If you use operator[](const Key&), the map will automatically emplace a value-initialized (i.e. in the case of std::vector, default-constructed) value if you access an element that does not exist. See here:
http://en.cppreference.com/w/cpp/container/map/operator_at
(Since C++ 11 the details are a tad more complicated, but in your case this is what matters).
That means if your map is empty and you do map[4], it will readily give you a reference to an empty (default-constructed) vector. Assigning an empty vector is unnecessary, although it may make your intent more clear.
Demo: https://godbolt.org/g/rnfW7g
Unfortunately the strictly-correct answer is indeed to use std::piecewise_construct as the first argument, followed by two tuples. The first represents the arguments to create the key (4), and the second represents the arguments to create the vector (empty argument set).
It would look like this:
map.emplace(std::piecewise_construct, // signal piecewise construction
std::make_tuple(4), // key constructed from int(4)
std::make_tuple()); // value is default constructed
Of course this looks unsightly, and other alternatives will work. They may even generate no more code in an optimised build:
This one notionally invokes default-construction and move-assignment, but it is likely that the optimiser will see through it.
map.emplace(4, std::vector<int>());
This one invokes default-construction followed by copy-assignment. But again, the optimiser may well see through it.
map[4] = {};
To ensure an empty vector is placed at position 4, you may simply attempt to clear the vector at position 4.
std::map<int, std::vector<int>> my_map;
my_map[4].clear();
As others have mentioned, the indexing operator for std::map will construct an empty value at the specified index if none already exists.
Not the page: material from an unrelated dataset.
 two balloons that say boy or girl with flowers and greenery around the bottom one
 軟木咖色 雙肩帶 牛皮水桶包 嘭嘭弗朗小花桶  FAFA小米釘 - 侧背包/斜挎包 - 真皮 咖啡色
If that is the case, calling clear is redundant. However, if a std::vector<int> does already exist, the call to clear serves to, well, clear the vector there, resulting in an empty vector.
This may be more efficient than my previous approach of assigning to {} (see below), because we probably plan on adding elements to the vector at position 4, and we don't pay any cost of new allocation this way. Additionally, if previous usage of my_map[4] indicates future usage, then our new vector will likely be eventually resized to the nearly the same size as before, meaning we save on reallocation costs.
Previous approach:
just assign to {} and the container should properly construct an empty vector there:
std::map<int, std::vector<int>> my_map;
my_map[4] = {};
std::cout << my_map.size() << std::endl; // prints 1
Demo
Edit: As Jodocus mentions, if you know that the std::map doesn't already contain a vector at position 4, then simply attempting to access the vector at that position will default-construct one, e.g.:
std::map<int, std::vector<int>> my_map;
my_map[4]; // default-constructs a vector there
What's wrong with the simplest possible solution? std::map[4] = {};.
In modern C++, this should do what you want with no or at least, very little, overhead.
If you must use emplace, the best solution I can come up with is this:
std::map<int, std::vector<int>> map;
map.emplace(4, std::vector<int>());
Use piecewise_construct with std::make_tuple:
map.emplace(std::piecewise_construct, std::make_tuple(4), std::make_tuple());
We are inserting an empty vector at position 4.
And if there is a general case like, emplacing a vector of size 100 with 10 filled up then:
map.emplace(std::piecewise_construct, std::make_tuple(4), std::make_tuple(100, 10));
piecewise_construct: This constant value is passed as the first argument to construct a pair object to select the constructor form that constructs its members in place by forwarding the elements of two tuple objects to their respective constructor.